Oh, well. For a time it was a pretty cool job. I was in the vanguard of a genre known as the “on the road” report. Best known and probably the best at it was Charles Kuralt of CBS, but I also admired Charles Hillinger of the Los Angeles Times, and often crossed paths with Chuck Woodbury, publisher and sole reporter of a tabloid called “Out West.” What we were all doing was roaming the back roads of America in search of communities not yet corrupted and homogenized by the ubiquitous television set. Wherever the reception was bad, you could count on finding an interesting person and sometimes a whole group of interesting persons engaged in some esoteric and unique tribal ritual.

Jackpot club toss contest

Later, film in the can, I would return triumphant to Social Hall Avenue, which at the time was home to all three of Salt Lake City’s commercial television stations. Top dog in those days was KSL, which had the advantage of being owned by Bonneville Broadcasting, an arm of the LDS church. KUTV was privately owned and had the reputation of being the “non-LDS” station. Bringing up the rear was KCPX, which was looked upon as a farm team where young reporters learned the ropes at the feet of elderly journalism professors, washed-up dejays and telegenic advertising executives.
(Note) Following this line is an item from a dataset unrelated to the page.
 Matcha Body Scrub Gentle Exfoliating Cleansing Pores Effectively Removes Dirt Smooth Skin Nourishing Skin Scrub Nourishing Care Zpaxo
Our anchorman was Doug Mitchell, who somewhat resembled Frankenstein’s monster and whose voice was half an octave lower than that of the actor Eric Fleming, who played trail boss Gil Favor on the television series “Rawhide.” It was said that Mitchell could read the phone book and it would sound like the world is coming to an end!

My goal was to feed Mitchell a story that would cause him to crack a smile on camera, or at least change his facial expression. The best I ever got was a slight upturn of old stone face’s thin lips—which was more than anyone else ever got.

By and by it became evident that viewers didn’t wish to hear about the world coming to an end each and every night, so KUTV went in search of younger, more animated talking heads. KSL, meantime, stuck with Dick Nourse, who would occupy the anchor chair for a record-breaking 43 years! During that time, he would share duties with a succession of younger anchorwomen, all of whom played Miss Kitty to Nourse’s Marshall Dillon. Meantime, weatherman Bob Welty played Chester, then Festus.

Now that Nourse has retired, there are no old guys on television. Nowadays if you tune into any local television newscast, what you will see are two young attractive co-anchors of opposite sexes—what I call the “Ken and Barbie Duo.” They will engage in cheerful badinage; then one of them will introduce the night’s top news story, which is almost always a shooting. Taking a cue from the teleprompter, the anchors will assume frowny faces as they send us “live” to an attractive young reporter who is standing outside somewhere on a darkened street where hours earlier something bad happened.

“That’s right, Ken and Barbie,” she will begin her report. Ending with, “reporting for Action News, this is crime specialist Holly Golightly at the scene of where something bad happened hours earlier, on this darkened street right behind where I am standing for some unknown reason.”

Nobody nowadays does news the way I used to. For one thing, I’ve noticed that today’s television reporters get more face time than the subject. Indeed, the actual news event is relegated to the background. As a reporter, I never appeared on camera, mainly because I was the one holding it, and in my opinion he who holds the camera holds the all the power.

Did any of my field reports ever cause Doug Mitchell to smile? Well, one that I remember involved a wiry young oil well roughneck by the name of Bob Dunihoo. One day Bob challenged his coworkers to a footrace up a nearby hill. Why? Because it was there—and so was I, for the dramatic re-enactment set to music (Switched on Bach .) Tools were dropped, overalls and hardhats flung aside as the gang sprang from their stations and scrambled upward. Halfway up, shirts were shed, then pants. By the time Bob reached the summit, triumphant, he wasn’t wearing anything. Why? I have no idea. As I later explained to my boss, “I don’t make the news; I just cover it.” Which was true, once upon a time.